L’âme que le malheur rend stupide et haineuse,
C’est l’homme impatient de son dernier sommeil,
Épi morne attendant la sombre moissonneuse,
Dans le champ sans soleil !
Le père ayant au flanc sa mortelle blessure,
Qui près de ses enfants, grand devoir qui soutient,
Survit, vase funèbre atteint d’une fêlure,
Mais qu’un cercle retient !
IV
Oh ! tandis qu’ils sont là, fronts jeunes, têtes blanches
Vieux père aux pas tremblants, mère aux doux yeux voilés,
Épouse, frère, sœur, blonds enfants, âmes franches !
Aimons-les, aimons-les !
Oh ! soyons bons pour eux ! Qui sait ? proche est leur terme !
Faisons riants leurs jours et sereines leurs morts !
Qui peut dire combien un cercueil qui se ferme
Ouvre de noirs remords !
Aimons-les ! Dieu ravit sans pitié les colombes !

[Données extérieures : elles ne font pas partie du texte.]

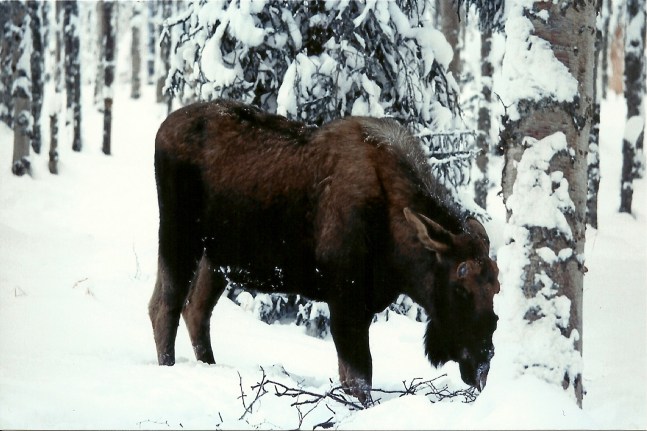 Moose on Caribou Island!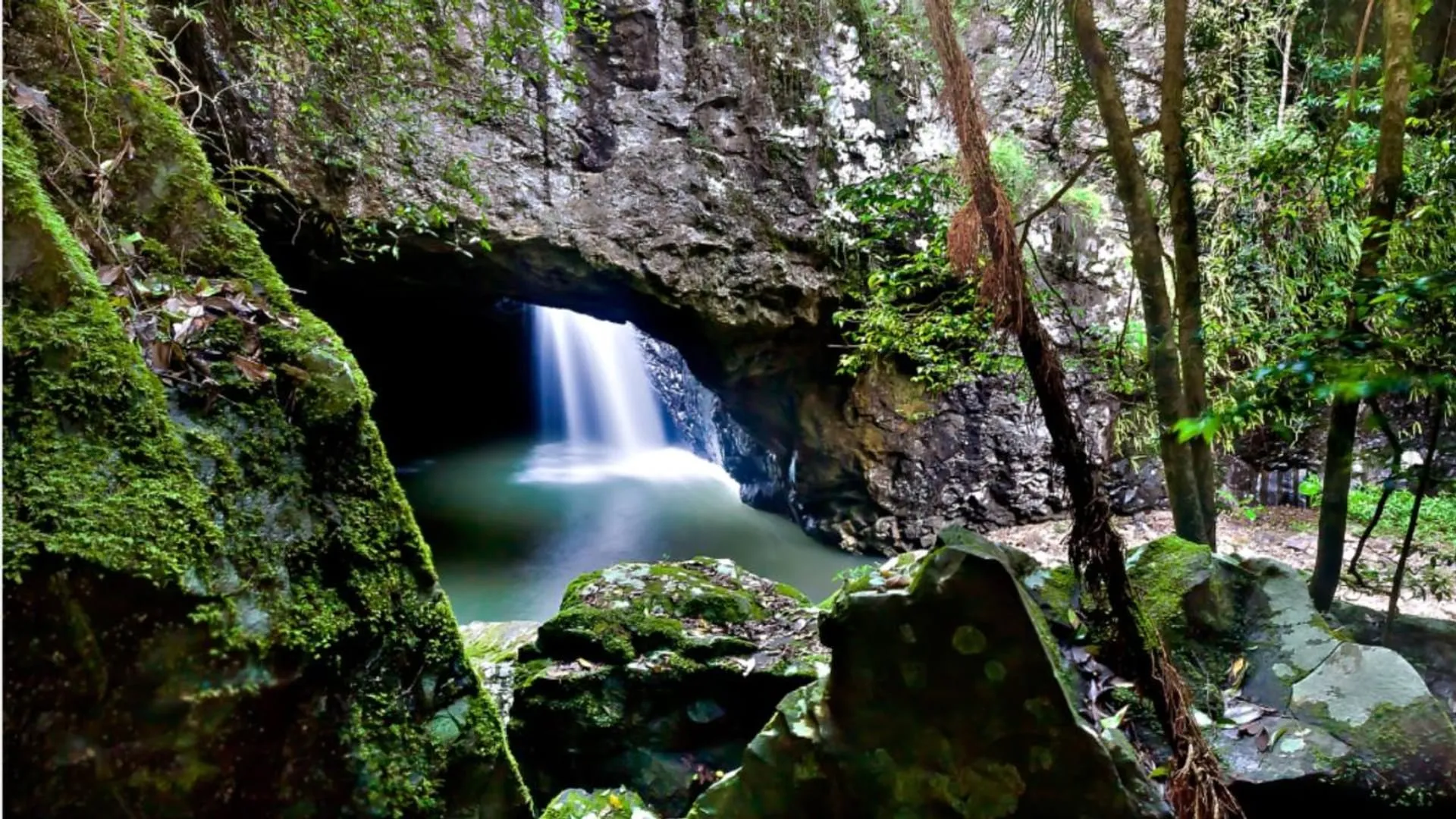Natural Bridge \u0026 Springbrook Waterfalls Tour in Gold Coast | Pelago, image size:1920x1080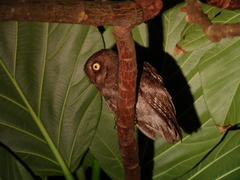 Otus elegans botelensis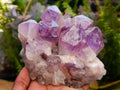 Polished Watermelon Fluorite Slices x 6 From Uis, Namibia - Toprock Gemstones and Minerals 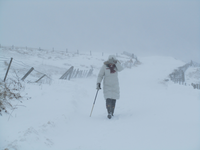 returnimage.cgi/10634/thumbnail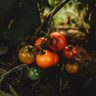 Jaune Flammée Tomato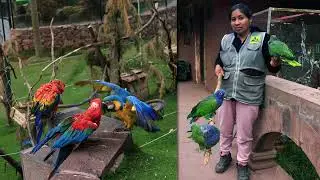 Peru. Part 1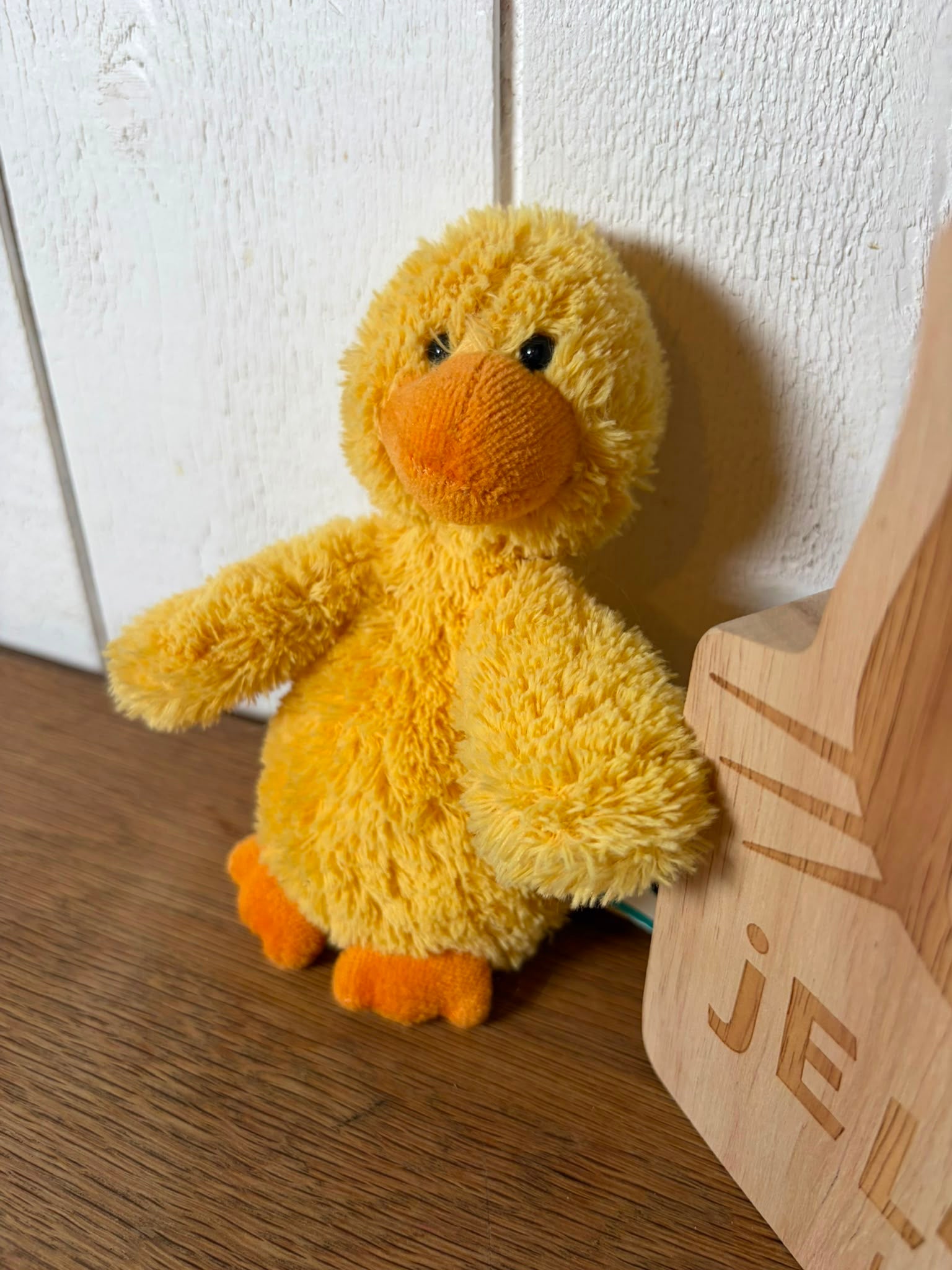 Jellycat Dicky Bird - Prototype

Songeons qu’ils marchent vite et qu’ils sont attendus !
Les baisers qu’on prodigue au marbre de leurs tombes
Sont, des baisers perdus !
Marchons près d’eux : la route est sitôt solitaire !
Nous aimons pour une heure, aimons d’amour profond !
Ceux qu’on embrasse, hélas ! ont toujours de la terre
De sépulcre à leur front !
Georges de PORTO-RICHE, Tout n’est pas rose, 1877.